YOUR ASSIGNMENT →
Pictures excluded, output the lines of the data below between the one holding "Куртка кожаная женская, Модель" and the one holding "Purple Gradient Abstract", inclusive, exactly as they stand.

PROVIDED ENTRIES →
--

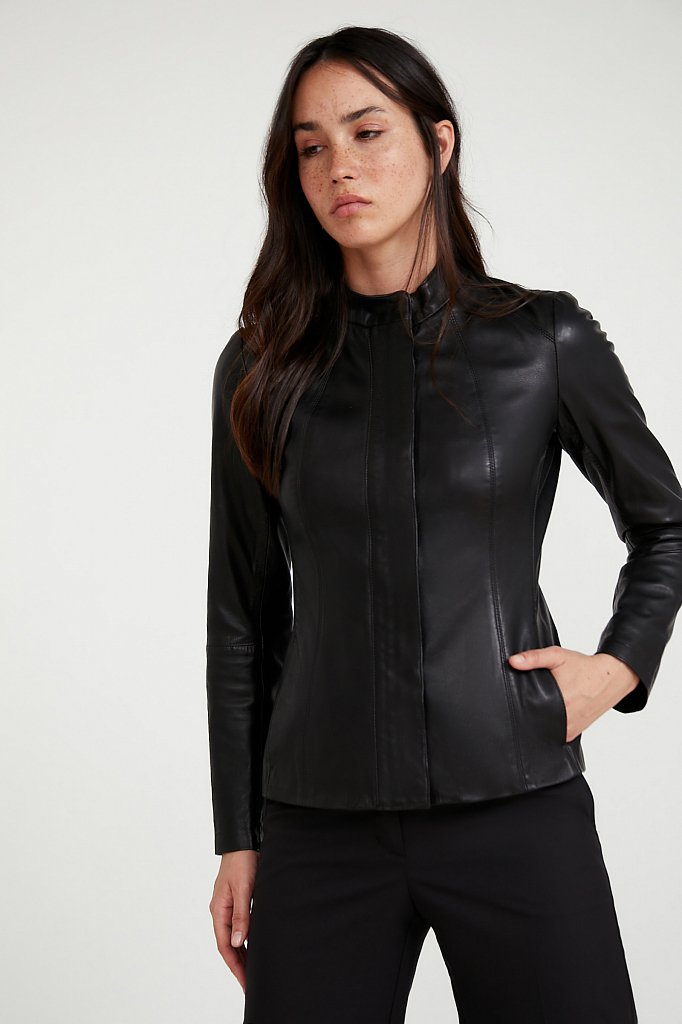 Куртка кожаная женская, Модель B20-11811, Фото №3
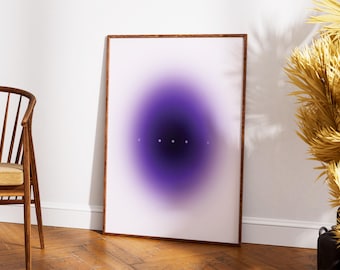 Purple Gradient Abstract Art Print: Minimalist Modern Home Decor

--

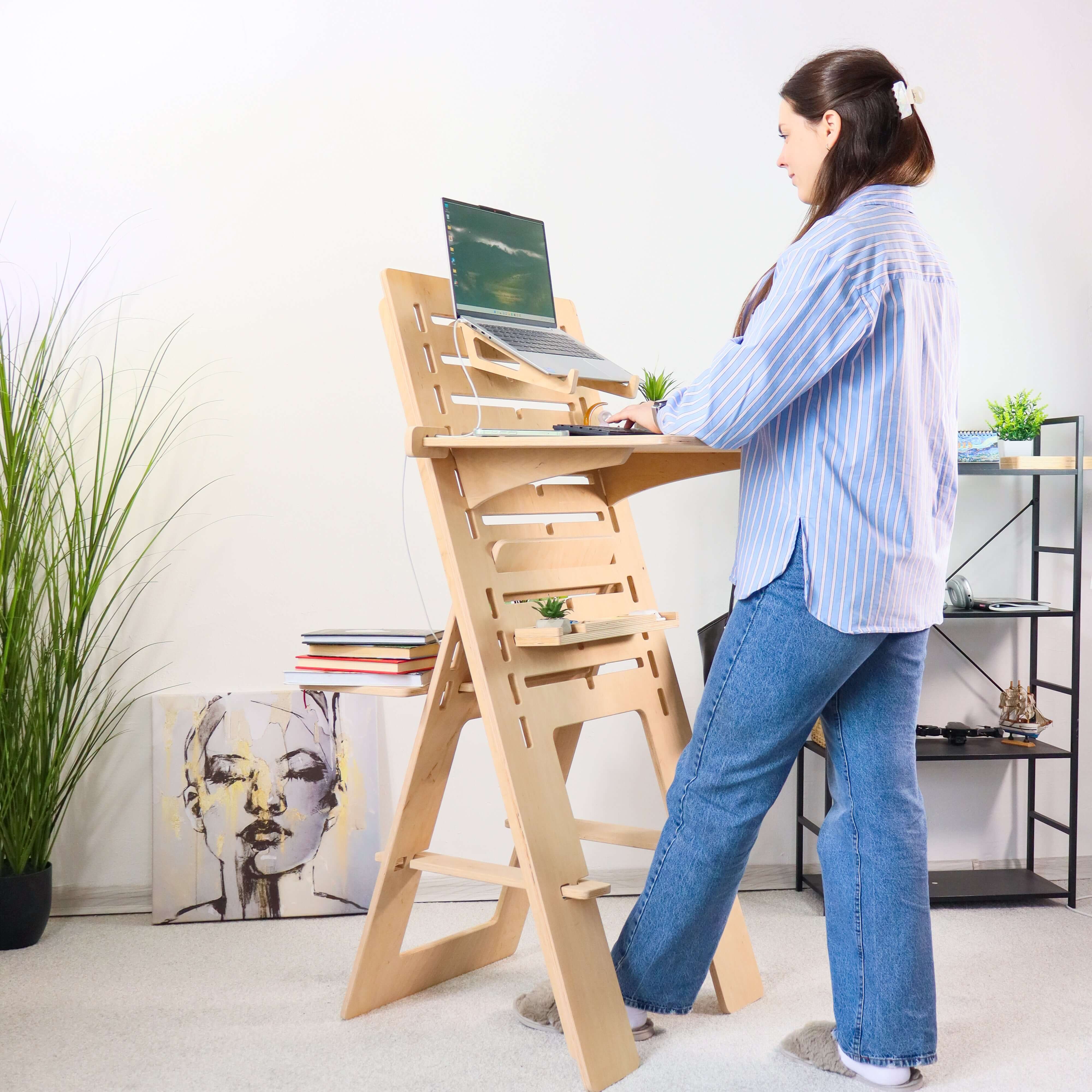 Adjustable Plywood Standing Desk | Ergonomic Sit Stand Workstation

--

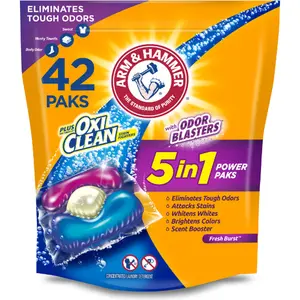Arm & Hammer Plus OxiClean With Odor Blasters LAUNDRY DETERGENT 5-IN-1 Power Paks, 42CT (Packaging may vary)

--

TASK RESULT →
 Куртка кожаная женская, Модель B20-11811, Фото №3
 Purple Gradient Abstract Art Print: Minimalist Modern Home Decor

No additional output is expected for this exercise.